One could argue that the age of genomes is divided between before CRISPR-Cas9 and after CRISPR-Cas9 (commonly referred to as just “CRISPR”). As a Harvard post-doc studying the genes involved in embryo development, James (Jamie) Gagnon remembers in 2012 that “pivotal moment” when these “really nice pair of scissors now easy to make” came on the scene.
“Before CRISPR,” says Gagnon whose interest early on had been more in engineering than biology, “we were all using the earlier generation of genome editing tools. Even so, we were able to determine that after making a mutation in a cell, when it divided, the change that had been made was inherited.”

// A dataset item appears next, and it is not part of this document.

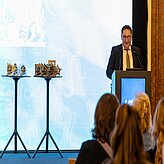 Tobias Gotthardt, Staatssekretär im Bayerischen Staatsministerium für Wirtschaft, Landesentwicklung und Energie, steht an einem Rednerpult und spricht vor Publikum. Neben ihm befinden sich zwei Stehtische mit goldfarbenen Trophäen.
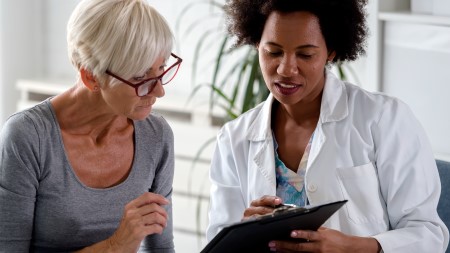 Doctor discussing paperwork with patient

The new “scissors” rapidly scaled up genome editing, allowing researchers to more easily alter DNA sequences and modify gene function. At the time CRISPR was inspiring others to move from the research model of smaller organisms like the c. elegans, a transparent worm made up of approximately 1,000 cells, to much larger ones like zebrafish. “The power of genetics,” Gagnon says, “is that zebrafish are now genetically accessible model of all vertebrates, including humans which share 70 percent of genes with fish.”
The impulse for Gagnon’s current work in vertebrate lineage and cell fate choice happened in Northern Maine, during a winter-mountaineering trip with his friend and fellow researcher Aaron McKenna whom he met while they were undergraduates at Worcester Polytechnic Institute in Massachusetts. There in the wilds, not far from Vermont where Gagnon grew up, ensued an extended conversation between the two which started to form a deeply complex but exciting research question.

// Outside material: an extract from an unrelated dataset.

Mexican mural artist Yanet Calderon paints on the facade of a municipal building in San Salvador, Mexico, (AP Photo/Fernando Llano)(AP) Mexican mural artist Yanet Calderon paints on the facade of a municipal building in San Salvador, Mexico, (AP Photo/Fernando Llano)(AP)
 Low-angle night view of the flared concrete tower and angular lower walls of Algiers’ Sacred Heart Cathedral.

“If we want to study how embryos grow, we have to do it in a living animal,” Gagnon remembers acknowledging to McKenna. “We knew we needed to do it [research] in live animals, complete and whole. I couldn’t shut up about it for several days,” he says, smiling. “Everyone was mutating genes.” It seems that at the time, and perhaps still to this day, ‘Let’s break a gene and see if you’re right about what it does’, was pro forma.
Instead, the developmental biologist (Gagnon) and the computational researcher (McKenna) decided to pick up where others had ended (and published), using technology in a creative way to mark cells with a genetic barcode that could later be used to trace the lineage of cells. The two were suddenly using data sets of CRISPR-scissor mutations to figure out how cells actually developed in zebrafish.
Still, the prevailing question for Gagnon the researcher is how does biology build an animal with millions of cells, all sharing information and all shape-shifting at the same time? And how does science then best go about studying that?
How does science turn chaos and cacophony into a symphony that is the marvel of a living organism?
A symphony orchestra isn’t a bad metaphor for the edge of science that Gagnon and his lab and colleagues find themselves standing at. (It helps, perhaps, that his wife Nikki, a trained studio artist, works at the Utah Symphony | Utah Opera.) “For thirty years,” says Gagnon, people have been deciphering the genome code … one of the worst computer codes ever written.” Just how bad is bad? Imagine three billion letters in one long line with no punctuation or formatting.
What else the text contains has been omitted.